Task description →
In the material below, the lines from the one containing "The Male model" through the one containing "Manhattan USB-C dokas" are to be given again exactly, ends included, and no others.

The data →
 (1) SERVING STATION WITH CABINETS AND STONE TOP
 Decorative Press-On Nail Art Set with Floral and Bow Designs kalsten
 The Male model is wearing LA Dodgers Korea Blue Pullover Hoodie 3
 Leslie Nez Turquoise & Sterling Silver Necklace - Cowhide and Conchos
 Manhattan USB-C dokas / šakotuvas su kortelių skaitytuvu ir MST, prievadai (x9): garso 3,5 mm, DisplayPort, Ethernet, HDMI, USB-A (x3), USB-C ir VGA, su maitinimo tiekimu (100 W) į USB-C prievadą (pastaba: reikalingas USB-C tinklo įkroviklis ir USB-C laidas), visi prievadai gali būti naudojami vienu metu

...

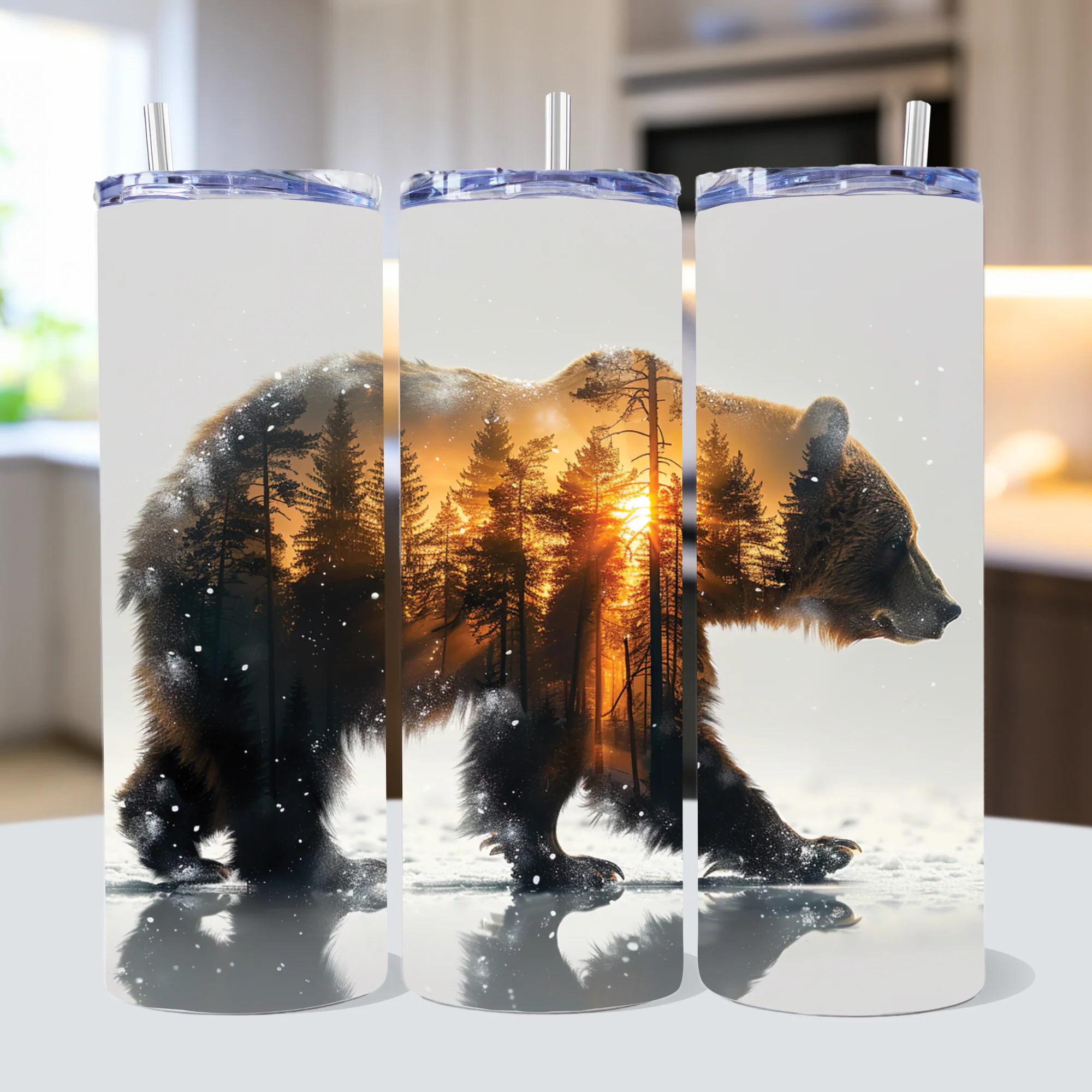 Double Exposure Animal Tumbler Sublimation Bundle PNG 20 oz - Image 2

* * *

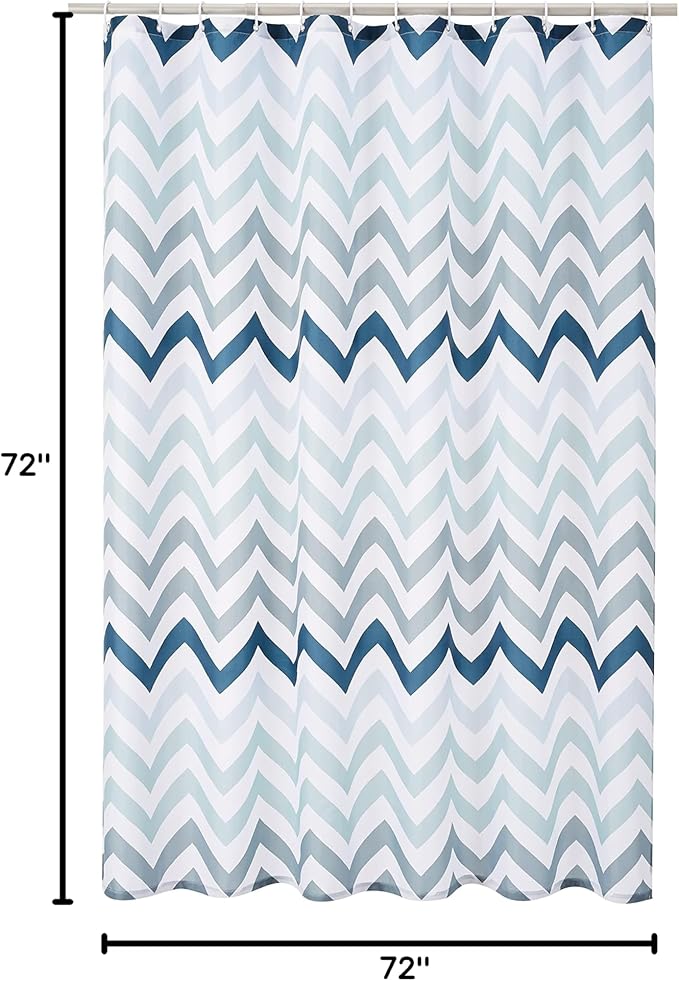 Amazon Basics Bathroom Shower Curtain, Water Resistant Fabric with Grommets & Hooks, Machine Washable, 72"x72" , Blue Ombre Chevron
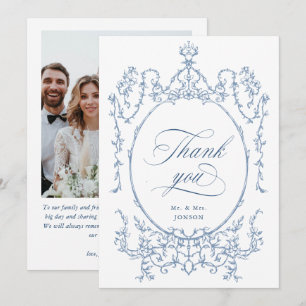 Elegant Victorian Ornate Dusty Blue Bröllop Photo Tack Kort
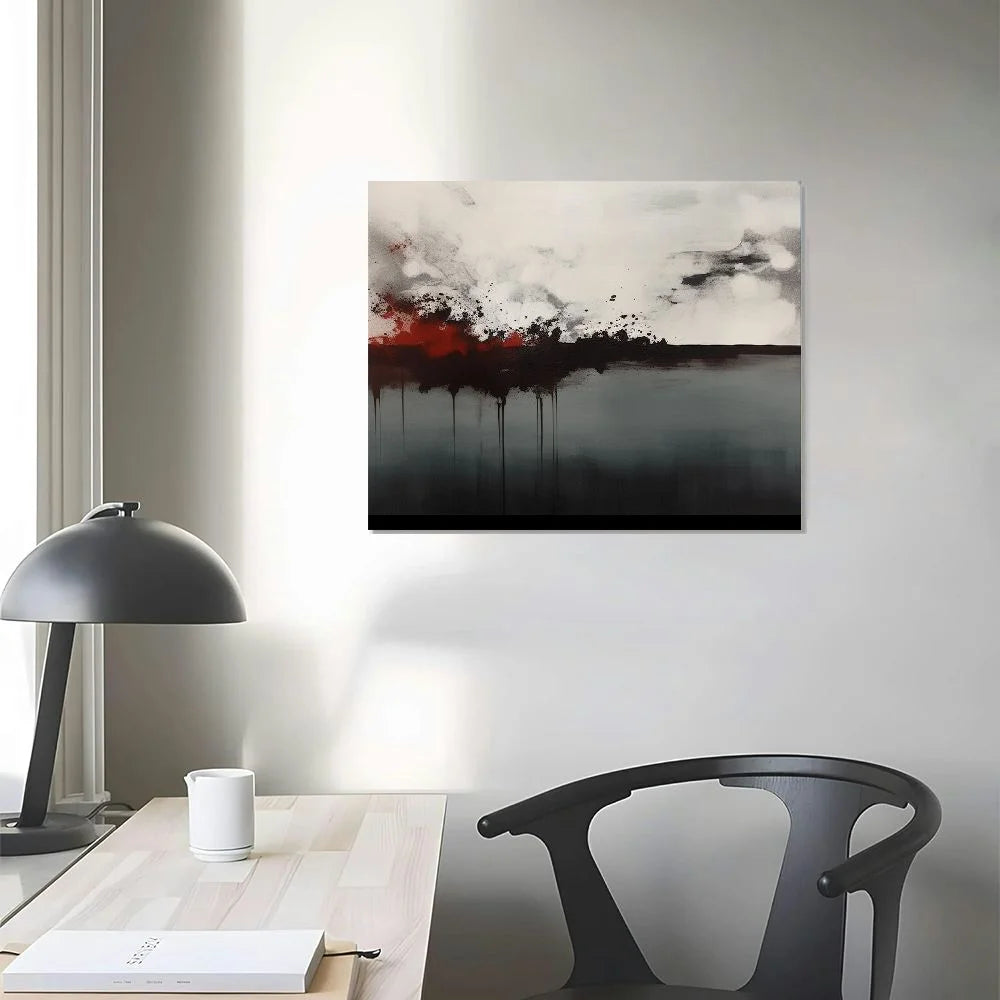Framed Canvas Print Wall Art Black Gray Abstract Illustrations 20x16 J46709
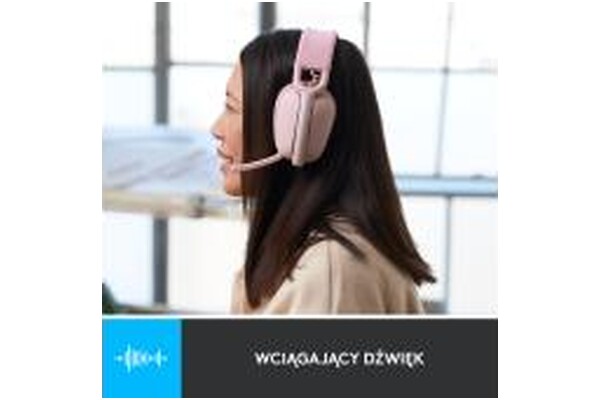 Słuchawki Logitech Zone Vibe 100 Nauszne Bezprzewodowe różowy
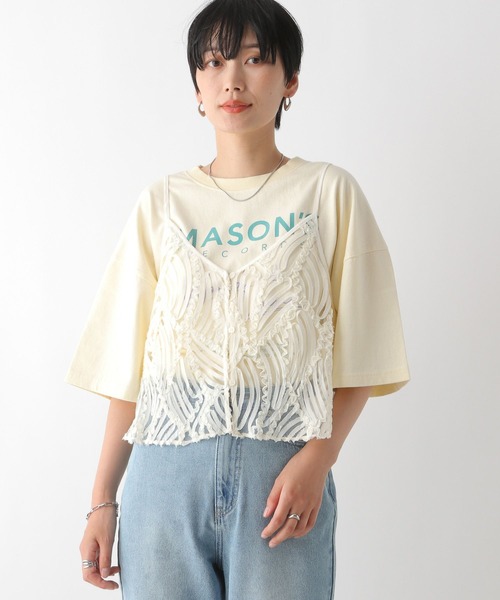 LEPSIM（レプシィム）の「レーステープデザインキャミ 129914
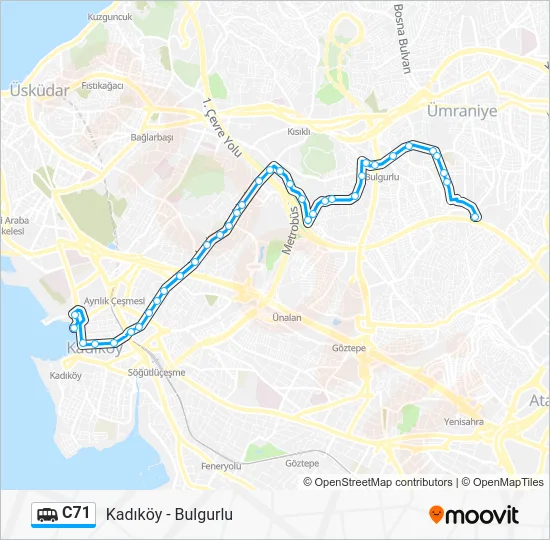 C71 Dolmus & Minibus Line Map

Completed exercise →
 The Male model is wearing LA Dodgers Korea Blue Pullover Hoodie 3
 Leslie Nez Turquoise & Sterling Silver Necklace - Cowhide and Conchos
 Manhattan USB-C dokas / šakotuvas su kortelių skaitytuvu ir MST, prievadai (x9): garso 3,5 mm, DisplayPort, Ethernet, HDMI, USB-A (x3), USB-C ir VGA, su maitinimo tiekimu (100 W) į USB-C prievadą (pastaba: reikalingas USB-C tinklo įkroviklis ir USB-C laidas), visi prievadai gali būti naudojami vienu metu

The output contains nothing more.